Quantification of cerebral white matter hyperintensities (WMH) of presumed vascular origin is of key importance in many neurological research studies. Currently, measurements are often still obtained from manual segmentations on brain MR images, which is a laborious procedure. Automatic WMH segmentation methods exist, but a standardized comparison of the performance of such methods is lacking. We organized a scientific challenge, in which developers could evaluate their method on a standardized multi-center/-scanner image dataset, giving an objective comparison: the WMH Segmentation Challenge (https://wmh.isi.uu.nl/). Sixty T1+FLAIR images from three MR scanners were released with manual WMH segmentations for training. A test set of 110 images from five MR scanners was used for evaluation. Segmentation methods had to be containerized and submitted to the challenge organizers. Five evaluation metrics were used to rank the methods: (1) Dice similarity coefficient, (2) modified Hausdorff distance (95th percentile), (3) absolute log-transformed volume difference, (4) sensitivity for detecting individual lesions, and (5) F1-score for individual lesions.
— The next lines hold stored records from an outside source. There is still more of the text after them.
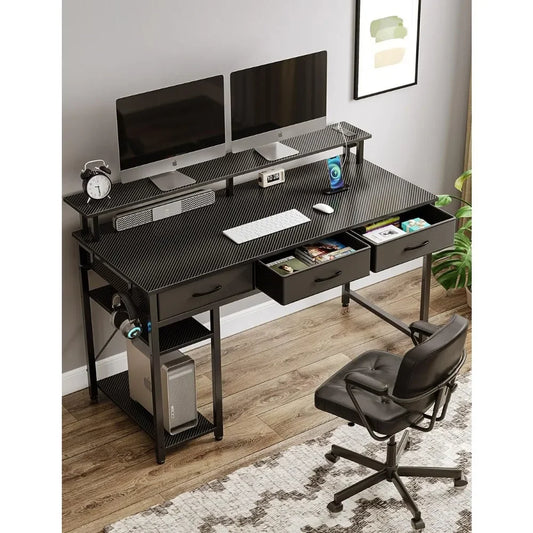 Home Office Desk with Power Outlets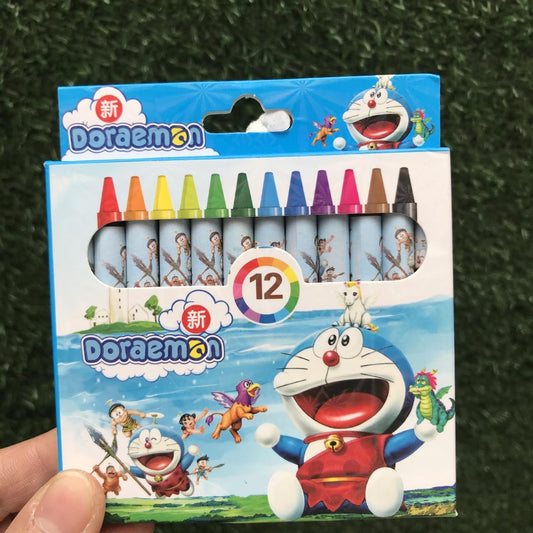 12 packets- Mix Design Cartoon Crayons 12pc/pk (eff price 25)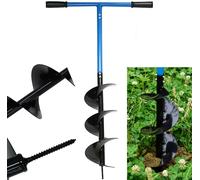 Manual Garden Earth Auger 150mm Post Hole Digger Gr8 Garden Blue One Size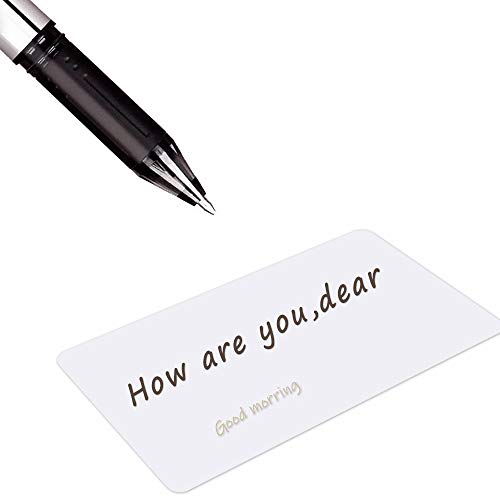 Primbeeks 300pcs Premium White Blank Business Cards, 3.5x 2.2 inch Small Blank White Cardstock Note business kraft paper cards - Image 4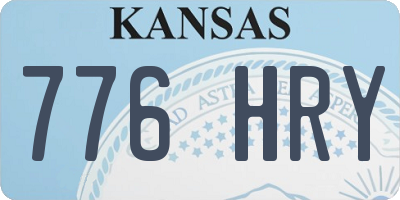 KS license plate 776HRY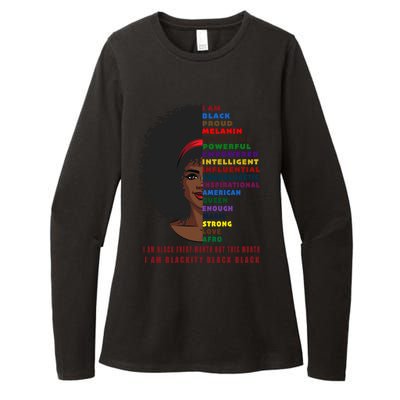 Black History Month Funny Gift Melanin Black Magic Cute Gift Womens CVC Long Sleeve Shirt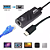 ADAPTADOR TIPO-C RJ45 GIGABIT ETHERNET 1000MPBS NOTEBOOK +NF - Imagem 2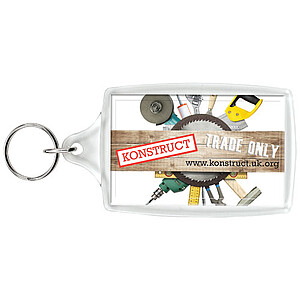 Plastová klíčenka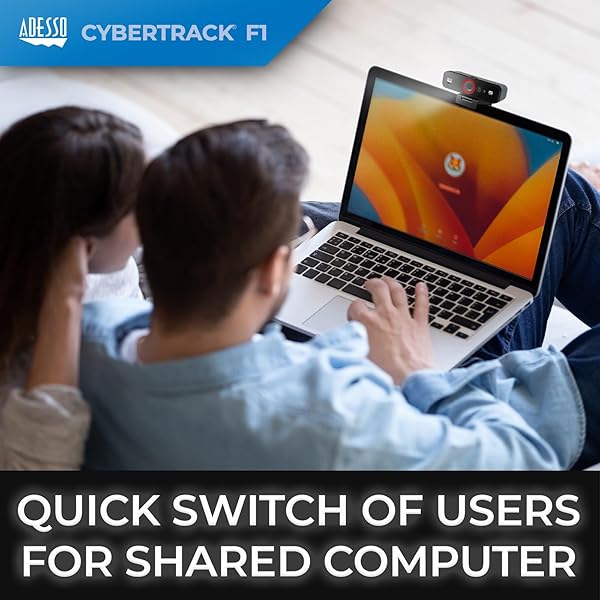 Adesso Adesso CyberTrack F1 1080P HD Webcam with Dual Microphone & Privacy Shutter for Windows Hello - Perfect for Desktop PCs - View 7 of 11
Additionally, methods were ranked on their inter-scanner robustness. Twenty participants submitted their method for evaluation. This paper provides a detailed analysis of the results. In brief, there is a cluster of four methods that rank significantly better than the other methods, with one clear winner. The inter-scanner robustness ranking shows that not all methods generalize to unseen scanners. The challenge remains open for future submissions and provides a public platform for method evaluation.